Web lists-archives.com

Re: [RFC PATCH 4/7] dir: Directories should be checked for matching pathspecs too

On Thu, Apr 05, 2018 at 10:34:43AM -0700, Elijah Newren wrote:

> Even if a directory doesn't match a pathspec, it is possible, depending
> on the precise pathspecs, that some file underneath it might.  So we
> special case and recurse into the directory for such situations.  However,
> we previously always added any untracked directory that we recursed into
> to the list of untracked paths, regardless of whether the directory
> itself matched the pathspec.
> For the case of git-clean and a set of pathspecs of "dir/file" and "more",
> this caused a problem because we'd end up with dir entries for both of
>   "dir"
>   "dir/file"
> Then correct_untracked_entries() would try to helpfully prune duplicates
> for us by removing "dir/file" since it's under "dir", leaving us with
>   "dir"
> Since the original pathspec only had "dir/file", the only entry left
> doesn't match and leaves nothing to be removed.  (Note that if only one
> pathspec was specified, e.g. only "dir/file", then the common_prefix_len
> optimizations in fill_directory would cause us to bypass this problem,
> making it appear in simple tests that we could correctly remove manually
> specified pathspecs.)

It sounds like correct_untracked_entries() is doing the wrong thing, and
it should be aware of the pathspec-matching when culling entries.
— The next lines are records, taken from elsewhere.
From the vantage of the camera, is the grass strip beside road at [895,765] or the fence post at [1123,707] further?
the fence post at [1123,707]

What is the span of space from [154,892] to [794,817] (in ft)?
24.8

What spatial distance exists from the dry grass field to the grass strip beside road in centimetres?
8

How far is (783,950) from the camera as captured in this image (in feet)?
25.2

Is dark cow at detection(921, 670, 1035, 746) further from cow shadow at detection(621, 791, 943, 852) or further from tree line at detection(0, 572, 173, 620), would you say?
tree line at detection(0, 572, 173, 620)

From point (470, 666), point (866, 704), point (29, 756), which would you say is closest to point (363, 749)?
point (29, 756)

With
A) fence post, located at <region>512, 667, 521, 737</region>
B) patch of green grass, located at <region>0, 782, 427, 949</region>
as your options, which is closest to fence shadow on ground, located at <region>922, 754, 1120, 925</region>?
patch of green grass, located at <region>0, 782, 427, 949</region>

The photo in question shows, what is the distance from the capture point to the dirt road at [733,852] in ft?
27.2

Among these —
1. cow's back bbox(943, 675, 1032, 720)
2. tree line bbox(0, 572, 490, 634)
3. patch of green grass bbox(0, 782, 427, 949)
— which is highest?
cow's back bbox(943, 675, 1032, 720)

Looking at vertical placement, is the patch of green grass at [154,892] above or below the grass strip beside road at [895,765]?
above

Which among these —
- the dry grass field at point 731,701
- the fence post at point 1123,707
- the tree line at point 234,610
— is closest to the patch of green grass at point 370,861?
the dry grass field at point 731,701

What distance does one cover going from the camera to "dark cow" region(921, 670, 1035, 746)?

In
other words, my understanding was that read_directory() does not
necessarily promise to cull fully (which is what led to cf424f5fd in the
first place), and callers are forced to apply their own pathspecs.

The distinction is academic for this particular bug, but it makes me
wonder if there are other cases where "clean" needs to be more careful
with what comes out of dir.c.